By using radio telescopes to study sun-like stars in their death throes, scientists hope to reveal important information about the origin of life-enabling chemicals in the universe. The National Science Foundation is awarding a $339,362 Astronomy and Astrophysics Research Grant to a team led by Rochester Institute of Technology Professor Joel Kastner to conduct such a study.
Planetary nebulae are the remnants of stars roughly one-to-eight times the size of the sun surrounded by hot gas lit up by ultraviolet radiation. Kastner hopes that through a comprehensive campaign of observations using radio telescopes, the team can capture a snapshot of the process by which stars enrich the universe in molecules containing carbon and oxygen.
"This study will get at that question of where did the building blocks of life come from?" said Kastner, a professor in RIT's Chester F. Carlson Center for Imaging Science and School of Physics and Astronomy.

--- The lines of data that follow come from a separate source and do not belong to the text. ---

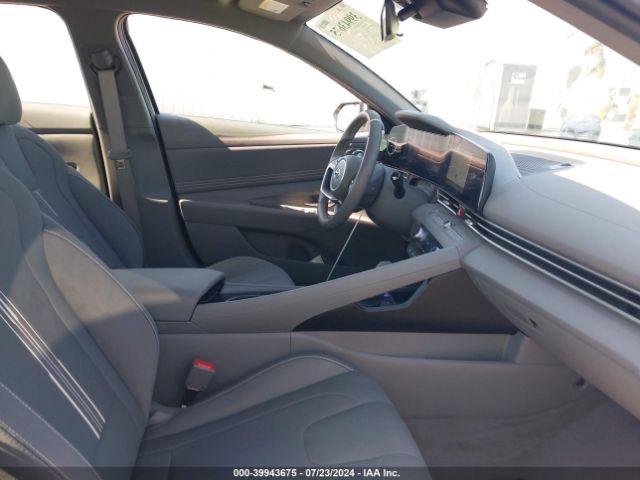 Photo 4 VIN: 5NPLS4AG9PH092944 - HYUNDAI ELANTRA 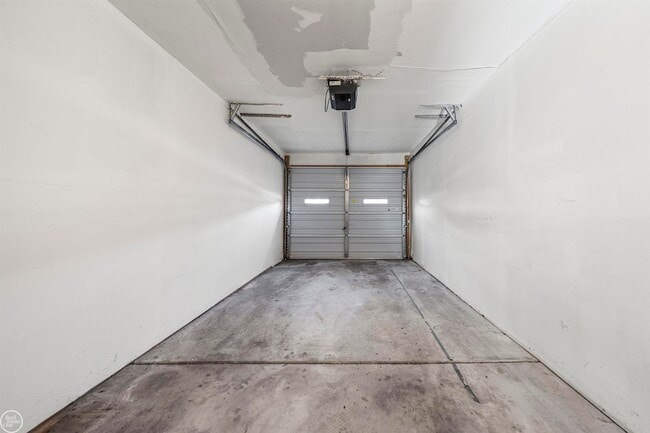 Building Photo - 24597 N Meadow Dr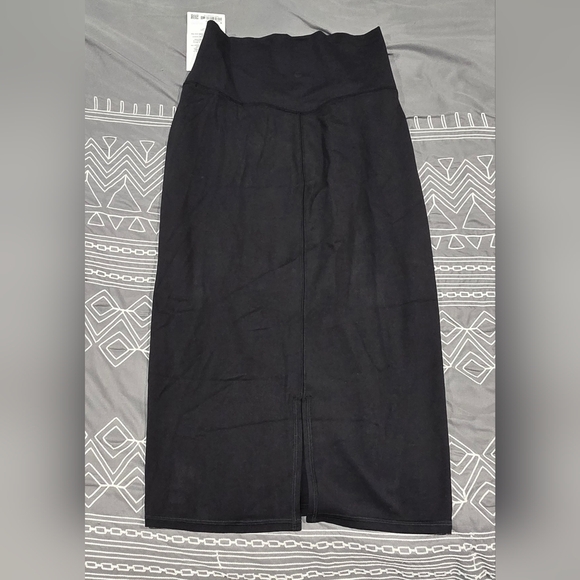 Lululemon Nulu Slim Fit High Waisted Midi Skirt Size 6 - Picture 5 of 11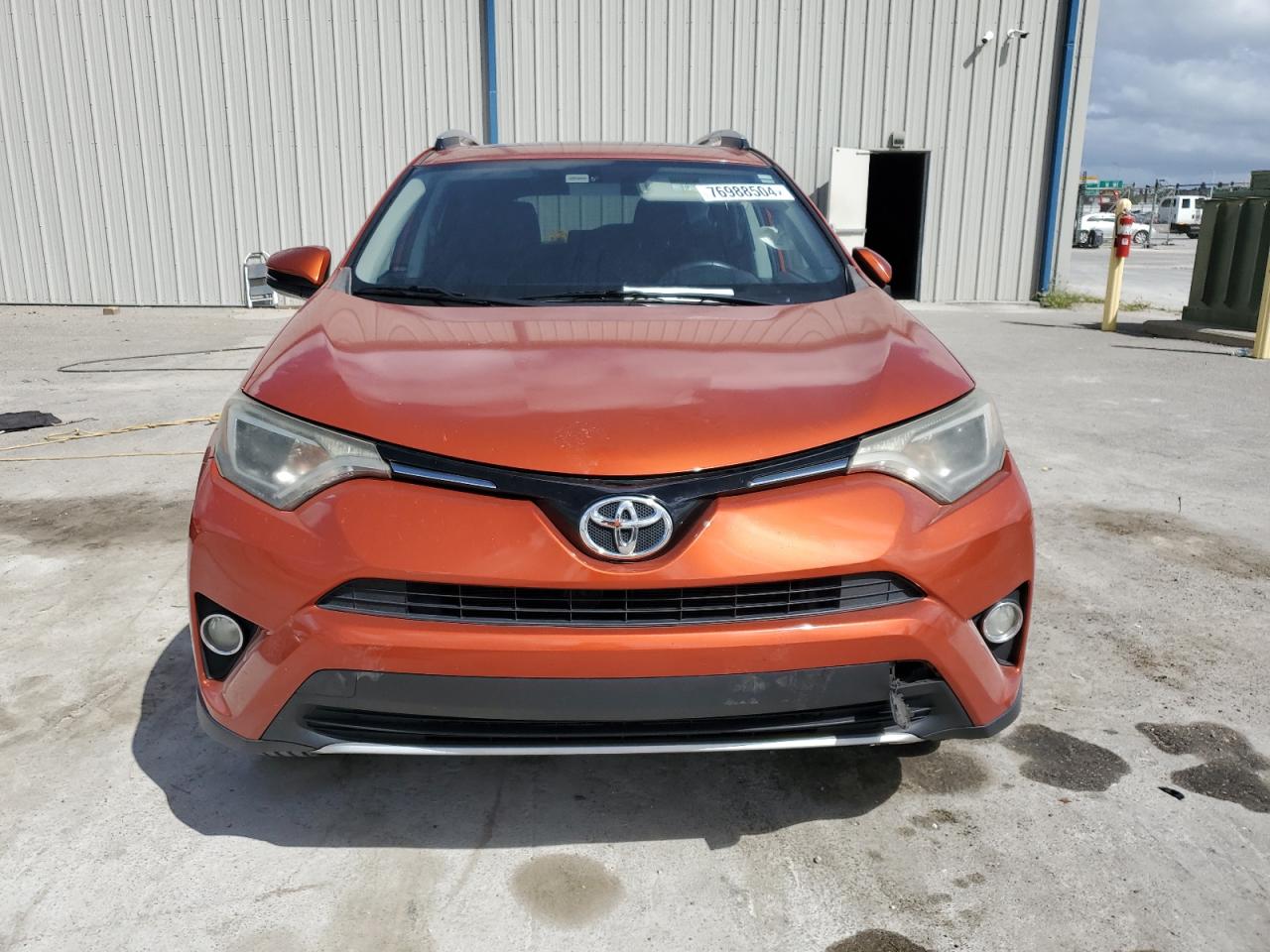 2T3WFREV1GW263203 2016 Toyota Rav4 Xle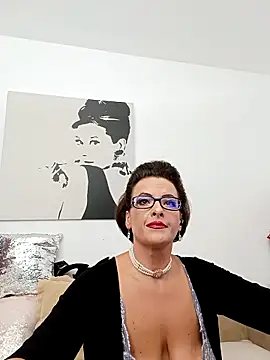 RebeccaNoble online show from September 26, 1:04 pm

"Planetary nebulae are where you see that material as it's being ejected from dying stars and before it winds up getting incorporated into newly formed stars and planets. Radio observations allow us to determine the detailed chemistry of that gas as it's about to go back out into space."
The researchers will study planetary nebulae using various international radio astronomy facilities including the Atacama Large Millimeter Array (ALMA), the 30-meter telescope operated by the Institut de Radio Astronomie Millimetrique, and the 100-meter telescope at Green Bank Observatory, which is operated by National Radio Astronomy Observatories.
Kastner said the team will study the Jewel Bug Nebula (NGC 7027) and about a dozen other similarly molecule-rich nebulae. Last year, Kastner and his team announced new insights gained by studying such nebulae using the Hubble Space Telescope.
"Molecule-rich planetary nebulae like NGC 7027 are also particularly interesting and important subjects for future observations with the James Webb Space Telescope,'' Kastner said.
The three-year grant will provide funding to support astrophysical sciences and technology Ph.D. student Paula Moraga and another student to be determined, plus help fund a postdoctoral researcher. Kastner said the group's collaborators include Jesse Bublitz '20 Ph.D. (astrophysical sciences and technology), now a postdoctoral researcher at Green Bank Observatory, and astronomers at institutions in Grenoble, France, and Madrid, Spain.